Eventually sending the Old Guard forward at Ligny, Napoleon succeeded in shattering the Prussian line, yet failed to achieve the planned envelopment that might have destroyed Blucher’s army altogether. An even larger failure, perhaps, would occur the following morning, when Marshal Ney allowed the Anglo-Dutch army to disengage at Quatre-Bras and slip away to the north. Thus, on the seventeenth, both Allied armies were able to withdraw essentially intact, with Blucher falling back upon Wavre, while Wellington withdrew to a low ridge near the village of Waterloo. Here, after a day of heavy rains, both sides prepared for a major battle that was to decide the fate of Europe.
Battle of Waterloo:
Destined to become the climactic engagement of the Napoleonic Wars, the Battle of Waterloo began late on the morning of June eighteenth, 1815, following delays caused by recent, heavy rains. About 11:20, Napoleon ordered a diversionary attack on Hougomont, the westernmost of three farm complexes dominating the approaches to the Allied position at Mont St. Jean. The French advanced across a low wall and through a section of wood, yet were unable to break into the farm’s main compound, and for the next two hours the fighting at Hougomont grew more and more intense as reinforcements were fed in on both sides.
Just before two o’clock, French prospects darkened considerably as large numbers of Prussian troops were seen massing east of Ohain. Contrary to Napoleon’s assumptions, Blucher’s army had not been driven off, and was preparing to come up in support of the Allied left. Nevertheless, counting on the success of an overwhelming infantry assault against the ridge east of the Brussels highway, Napoleon ordered d’Erlon’s corps forward behind a massive artillery bombardment.

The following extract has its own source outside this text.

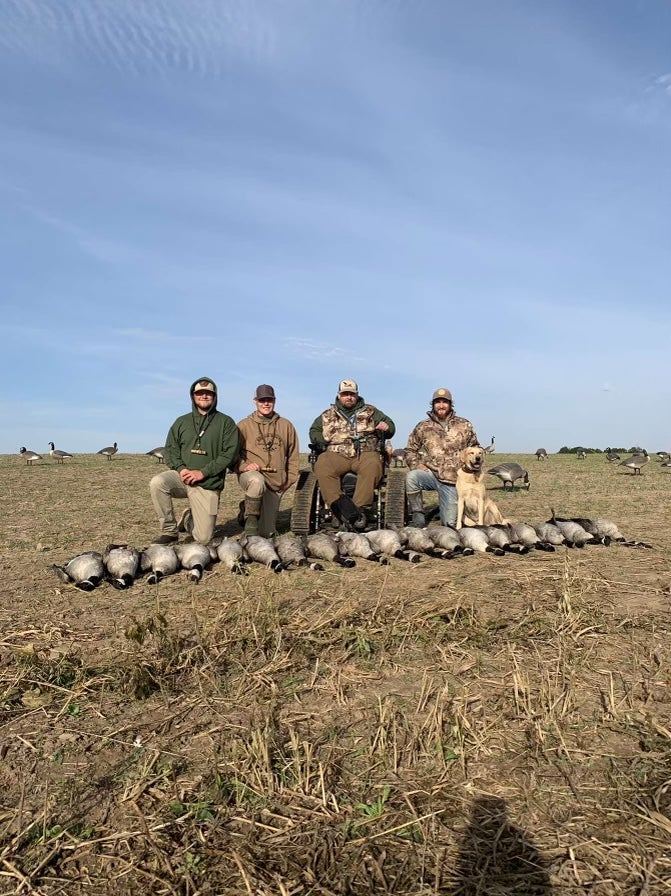 A group of hunters, including a participant in a wheelchair, stands behind a long line of geese in a harvested field.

Advancing in column formation, d’Erlon’s divisions ascended the ridge and succeeded in routing a Belgian brigade before concerted Allied volleys brought the westernmost column to a halt just short of the Ohain Road. Here, while the French struggled to redeploy into line of battle, a well-timed charge of British cavalry broke them up, eventually sending d’Erlon’s entire corps streaming back in headlong retreat.
By four o’clock Napoleon’s right flank had been largely reorganized, and following another massive French bombardment, Marshal Ney led another advance against the central farmhouse at LaHaye Sainte. Meanwhile, Wellington ordered his troops to withdraw a hundred paces to shelter from the enemy shells, whereupon the impetuous Ney, believing the enemy to be in retreat, ordered an attack of Milhaud’s heavy cavalry. The French horsemen went forward only to find the Anglo-Dutch forces standing firm in defensive squares, however, and could make little impression on the enemy infantry. Shortly thereafter the balance of the French cavalry reserve was ordered forward, yet despite repeated charges the Allied line held.
By six o’clock the Prussians had arrived in force on the French right, where desperate fighting took place in and around the village of Plancenoit. Increasingly in danger of being enveloped, Napoleon made a final effort to break through the Allied line west of the Brussels highway, sending the Imperial Guard forward in a last, desperate effort to win the day. All five battalions were repulsed by an aggressive British defense, however, and as word of the Guard’s failure spread, the French line suddenly began to collapse from right to left. By nightfall the French were in full retreat toward Charleroi. The battle, the campaign and the empire itself were finished. Within a month Napoleon would be a British captive, bound for exile on St. Helena in the South Atlantic.